The Outreach Module gives you a way to conduct broad-based outreach, but without sacrificing personalization.  It makes it easy to segment your contacts into a list, apply a template to your contacts and then view the relationship information needed to personalize your emails without ever leaving the email. It also ties into BuzzStream’s task management and contact filtering capabilities to help you keep track of the contacts that require follow-up.  The Outreach Module is available in both BuzzStream for PR and Social Media and BuzzStream for Link Management.

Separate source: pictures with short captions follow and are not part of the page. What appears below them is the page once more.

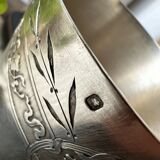 Silver timpani minerva hallmark - Louis Guilbert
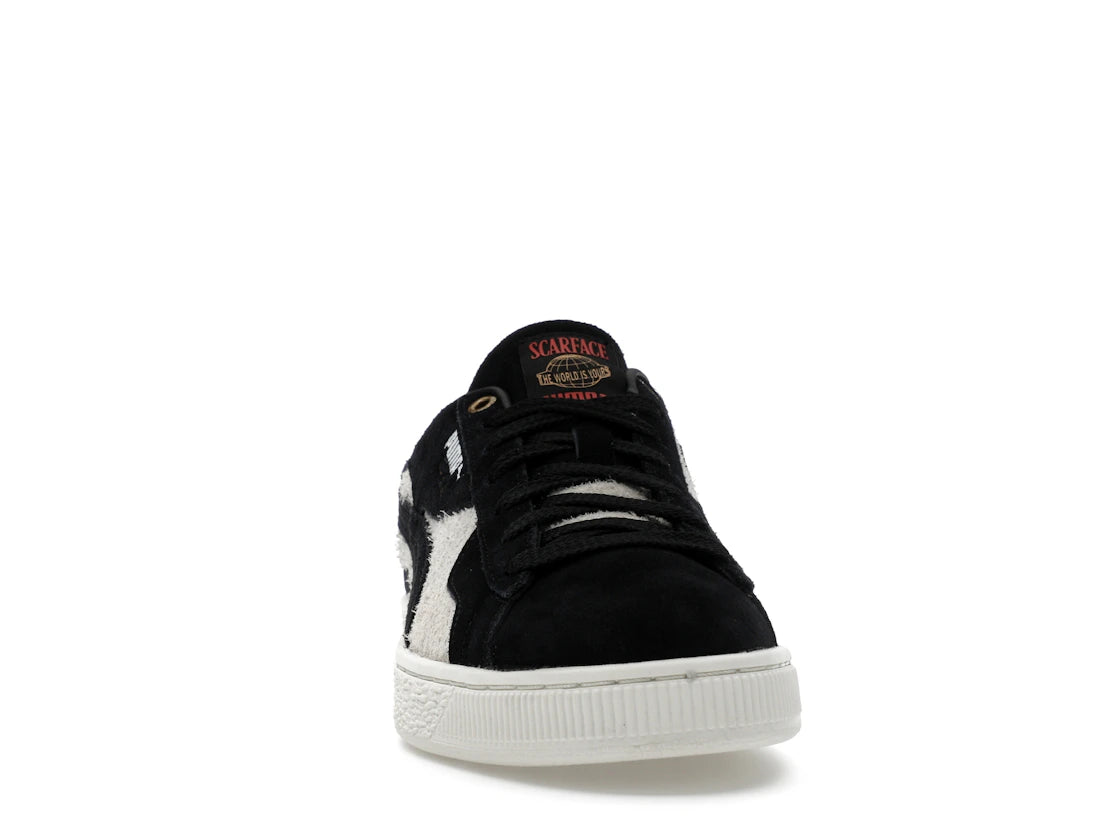 Puma Suede Camowave Scarface - vue secondaire A
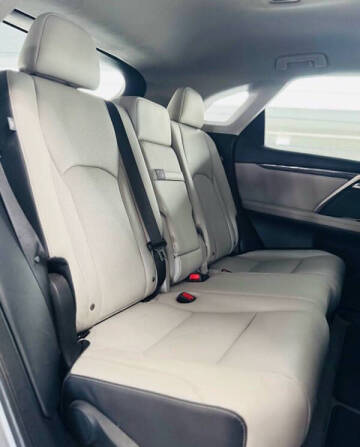 2018 Lexus RX 350 F SPORT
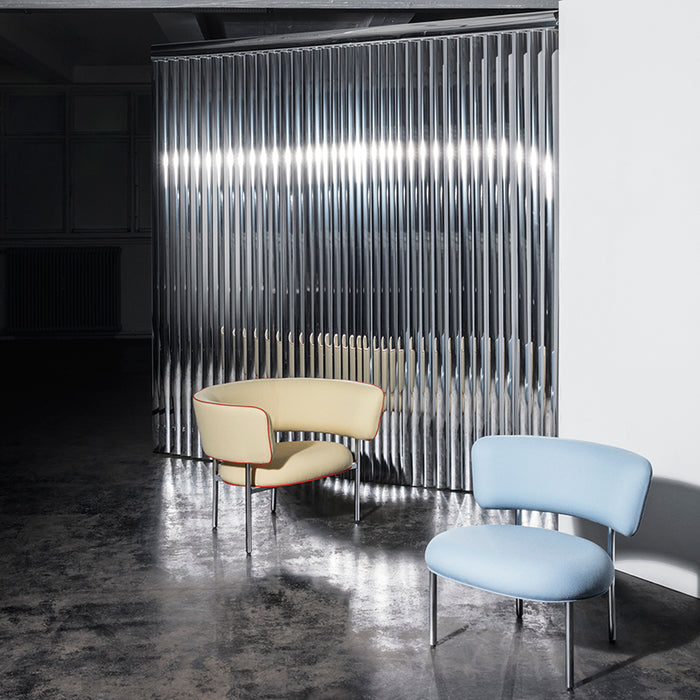 Font Regular Dining Armchair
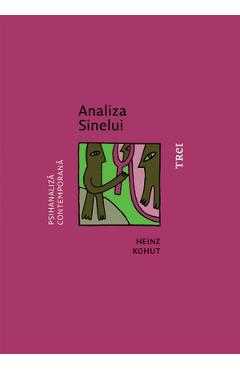 eBook Analiza Sinelui. O abordare sistematica a tratamentului psihanalitic al tulburarilor de personalitate narcisica - Heinz Kohut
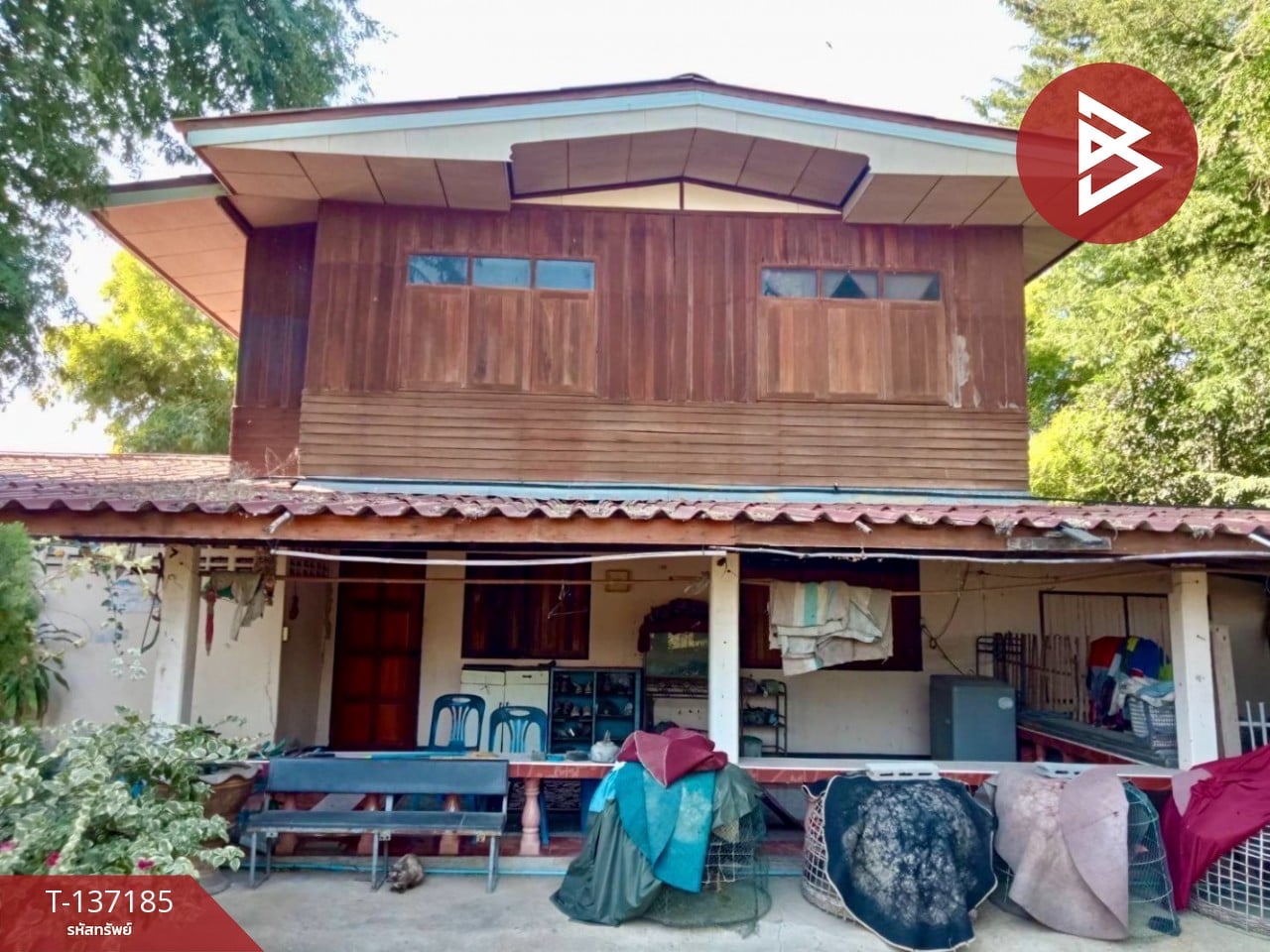 ขายบ้านเดี่ยว เนื้อที่ 1 งาน 92 ตร.วา พัฒนานิคม ลพบุรี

There are four steps to using the Outreach Module:

  1. Add your outgoing mail settings in the Settings section
  2. Segment your contacts into an outreach list
  3. Create an email template, which will serve as a starting point for each email you send
  4. Personalize each email and send

Let’s use an example to give you a better sense of how it works.  Suppose I’m working on behalf of a real estate website that’s developed a tool that shows real estate pricing trends by city.  Other sites can plug this tool into their own site to make it more engaging to their readers.  To promote this, one segment I’m going to reach out to is a group I consider “high value, low hanging fruit.”   This group includes local real estate bloggers who:

  • we’ve rated as high influence
  • have linked to us or written about us in the past, and
  • we’ve had conversations with them

The outreach approach will be to:

  • send an initial email to everyone in the list
  • follow up three days later with anyone who hasn’t responded.

Here are the steps…

Step 1: Add your mail server into the Settings section

BuzzStream sends mail through your mail server (i.e., the same way that you connect to a smartphone), so you first need to enter your outgoing mail server settings..  This can only be done by BuzzStream administrators or someone who is assigned a role that’s been given access to this permission.  To enter your settings, just click on the ‘Settings’ link in the top right-hand corner of the application and go to the ‘Mail Server’ tab.  To see the typical email settings for common cloud-based email services (like Gmail), check out the FAQ.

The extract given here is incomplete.